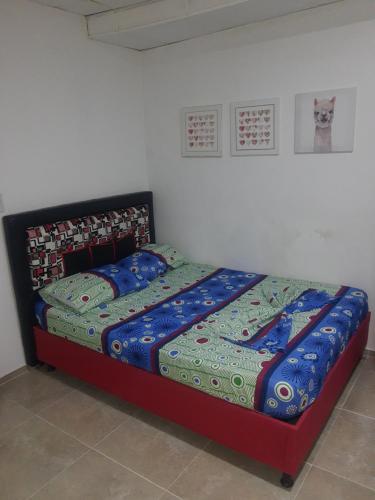 ein Bett mit blauer Decke in einem Schlafzimmer in der Unterkunft Apartaestudio buenos aires in Barrancabermeja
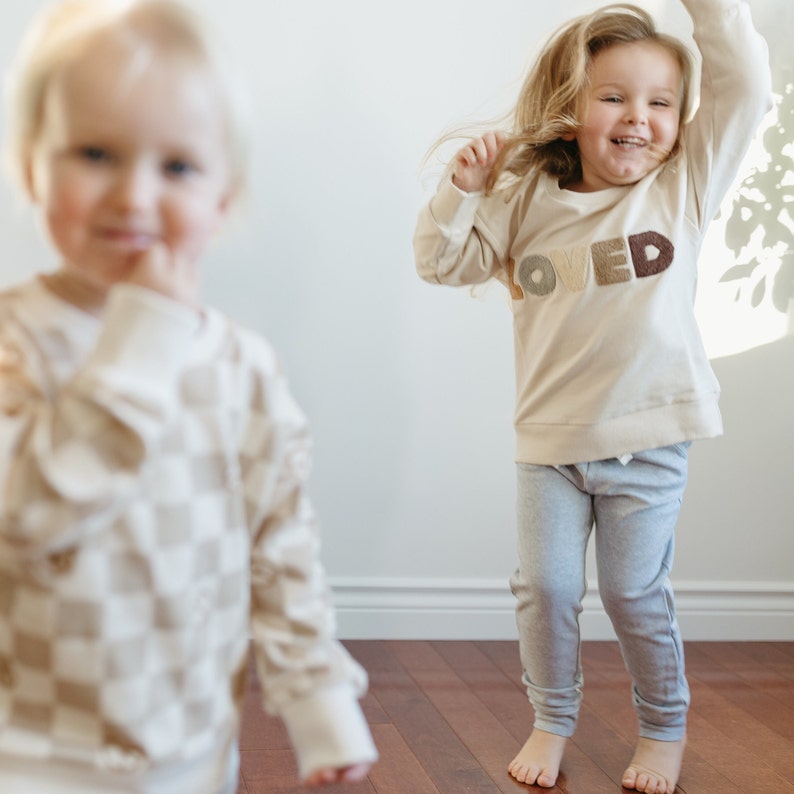 Puede incluir: Dos ni&ntilde;os con sudaderas de color crema. El ni&ntilde;o de la izquierda lleva una sudadera a cuadros. El ni&ntilde;o de la derecha lleva una sudadera con la palabra "LOVED" en letras de colores. El ni&ntilde;o de la derecha lleva pantalones de ch&aacute;ndal grises.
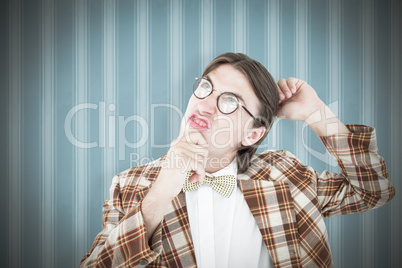 Composite image of geeky hipster scratching his head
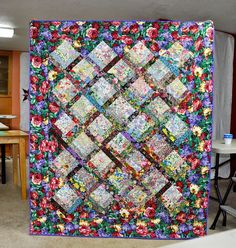 a quilt is hanging on the wall in a room with tables and chairs around it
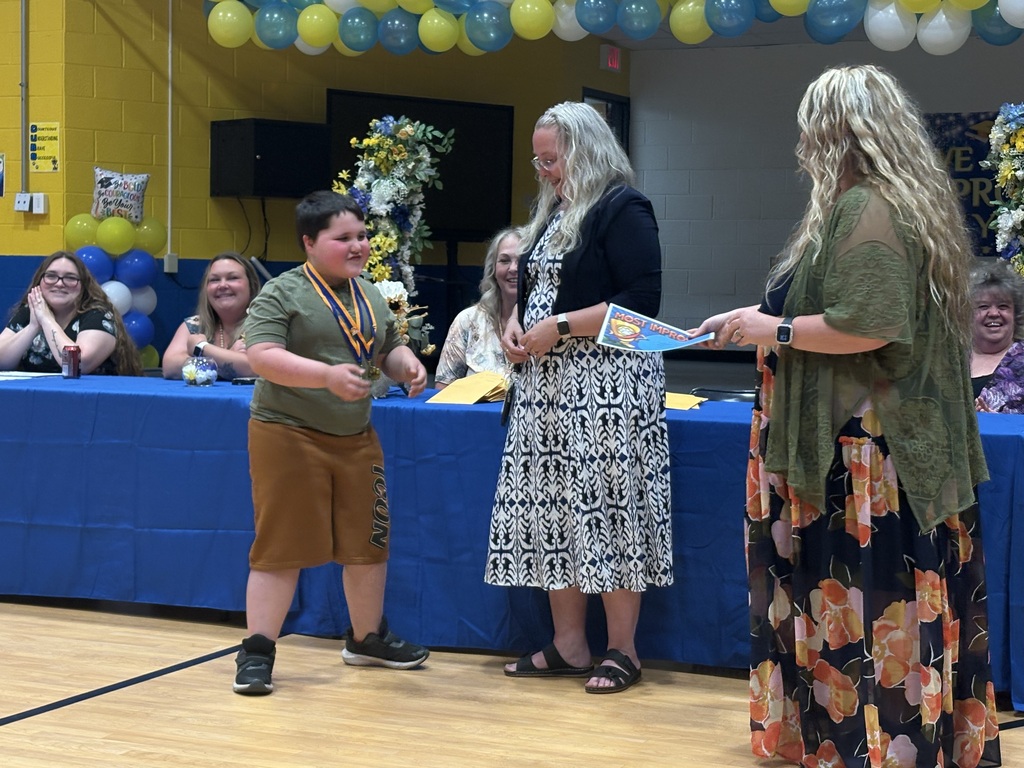 Cubs receiving their awards. 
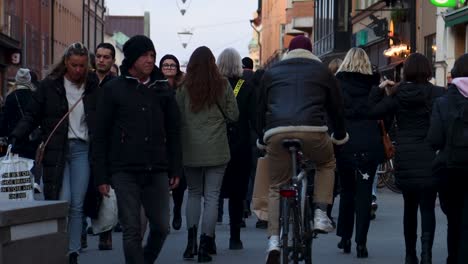 Man-on-bike-and-weekend-shoppers-on-street-in-Stockholm,-slow-motion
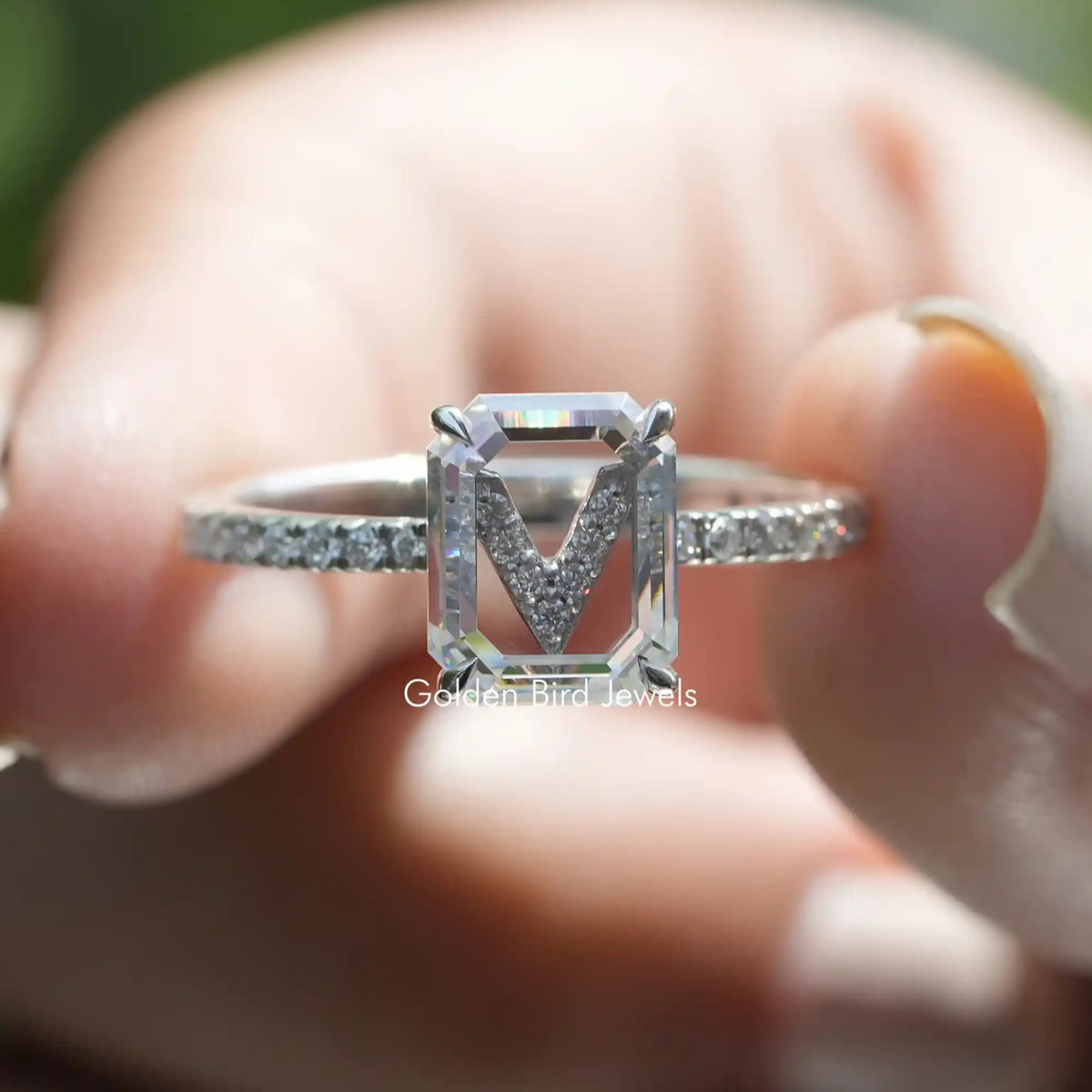 Two fingers holding the Emerald Cut Moissanite Engagement Ring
=====
[Instructions to follow] Copy all the material word for word, minus its pictures.

[Result of this task]
 ein Bett mit blauer Decke in einem Schlafzimmer in der Unterkunft Apartaestudio buenos aires in Barrancabermeja
 Puede incluir: Dos ni&ntilde;os con sudaderas de color crema. El ni&ntilde;o de la izquierda lleva una sudadera a cuadros. El ni&ntilde;o de la derecha lleva una sudadera con la palabra "LOVED" en letras de colores. El ni&ntilde;o de la derecha lleva pantalones de ch&aacute;ndal grises.
 Composite image of geeky hipster scratching his head
 a quilt is hanging on the wall in a room with tables and chairs around it
 Cubs receiving their awards. 
 Man-on-bike-and-weekend-shoppers-on-street-in-Stockholm,-slow-motion
 Two fingers holding the Emerald Cut Moissanite Engagement Ring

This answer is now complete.